- DATA -
....................

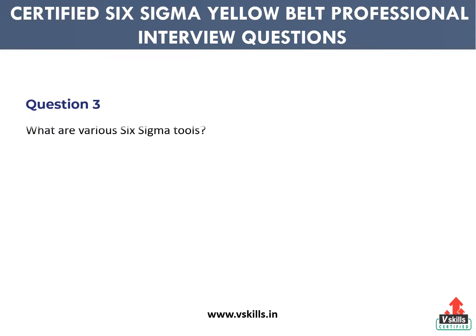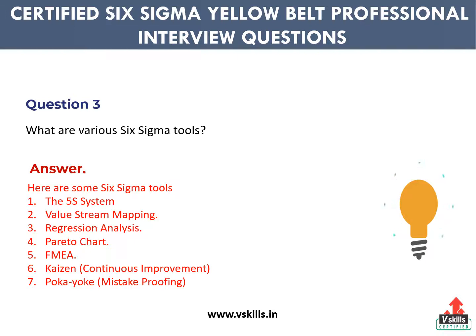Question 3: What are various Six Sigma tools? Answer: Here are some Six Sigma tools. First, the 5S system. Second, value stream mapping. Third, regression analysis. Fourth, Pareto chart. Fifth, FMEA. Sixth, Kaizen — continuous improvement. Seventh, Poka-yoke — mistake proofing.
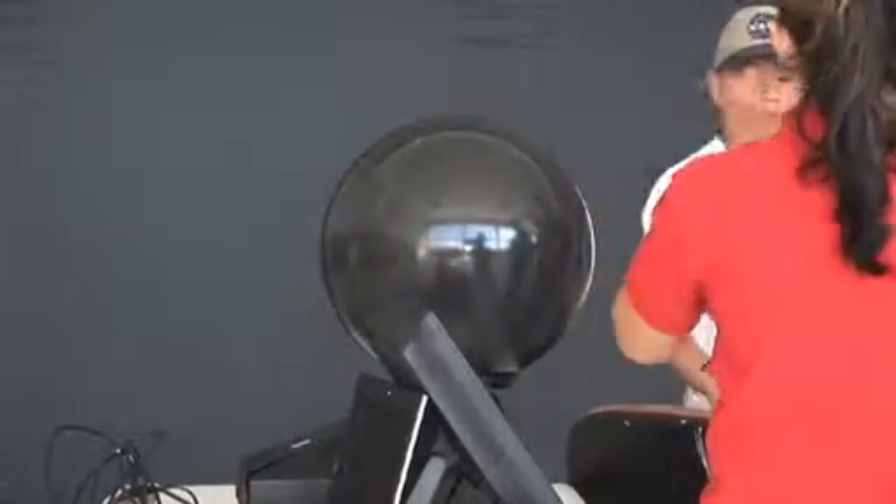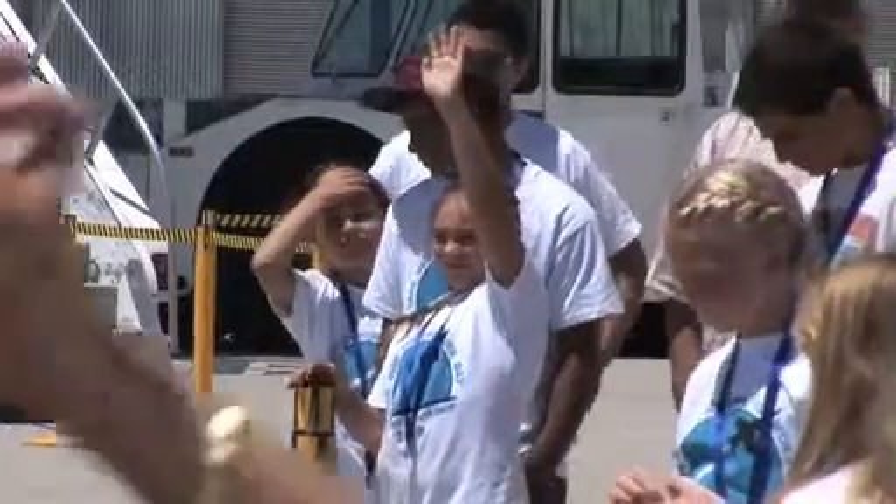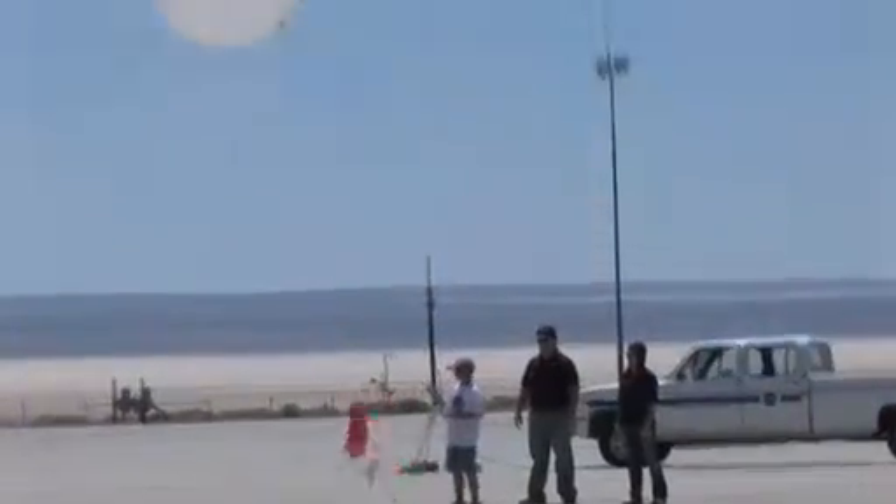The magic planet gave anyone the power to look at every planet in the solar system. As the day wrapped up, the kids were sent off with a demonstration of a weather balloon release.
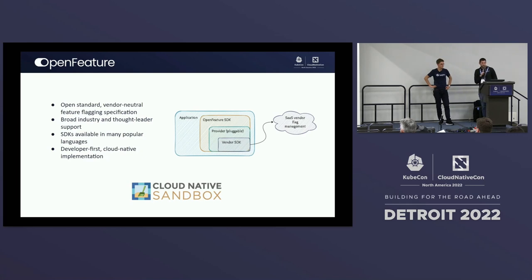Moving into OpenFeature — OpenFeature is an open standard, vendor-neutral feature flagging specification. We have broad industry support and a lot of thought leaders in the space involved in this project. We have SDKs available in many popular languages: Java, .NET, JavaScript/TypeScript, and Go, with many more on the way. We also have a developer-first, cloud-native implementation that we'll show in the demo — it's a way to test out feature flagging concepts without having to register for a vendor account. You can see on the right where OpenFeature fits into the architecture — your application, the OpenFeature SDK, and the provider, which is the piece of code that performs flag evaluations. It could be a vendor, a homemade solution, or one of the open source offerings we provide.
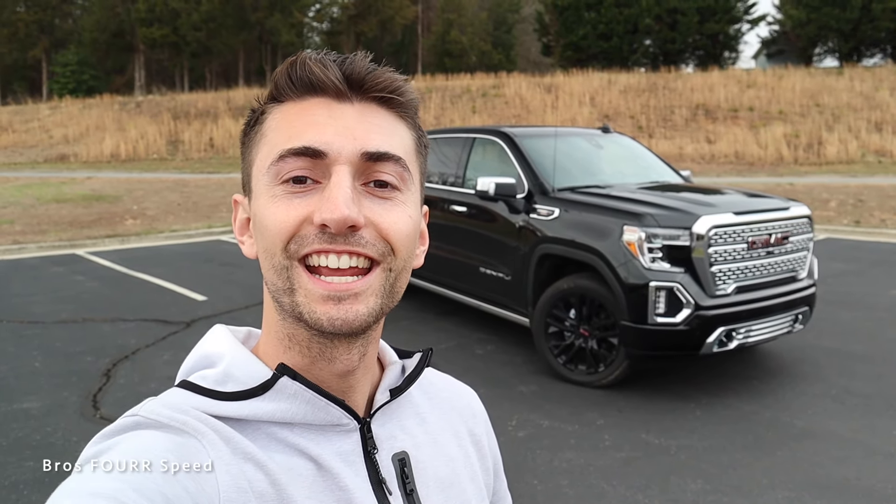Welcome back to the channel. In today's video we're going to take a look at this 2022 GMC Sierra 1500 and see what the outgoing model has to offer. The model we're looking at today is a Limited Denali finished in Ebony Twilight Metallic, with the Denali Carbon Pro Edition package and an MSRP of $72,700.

....................

- WORK TASK -
Each line from the line containing "The magic planet" through the final line of the data above must be retyped exactly; nothing else, and no pictures, may appear.

- EXERCISE SOLUTION -
The magic planet gave anyone the power to look at every planet in the solar system. As the day wrapped up, the kids were sent off with a demonstration of a weather balloon release.
Moving into OpenFeature — OpenFeature is an open standard, vendor-neutral feature flagging specification. We have broad industry support and a lot of thought leaders in the space involved in this project. We have SDKs available in many popular languages: Java, .NET, JavaScript/TypeScript, and Go, with many more on the way. We also have a developer-first, cloud-native implementation that we'll show in the demo — it's a way to test out feature flagging concepts without having to register for a vendor account. You can see on the right where OpenFeature fits into the architecture — your application, the OpenFeature SDK, and the provider, which is the piece of code that performs flag evaluations. It could be a vendor, a homemade solution, or one of the open source offerings we provide.
Welcome back to the channel. In today's video we're going to take a look at this 2022 GMC Sierra 1500 and see what the outgoing model has to offer. The model we're looking at today is a Limited Denali finished in Ebony Twilight Metallic, with the Denali Carbon Pro Edition package and an MSRP of $72,700.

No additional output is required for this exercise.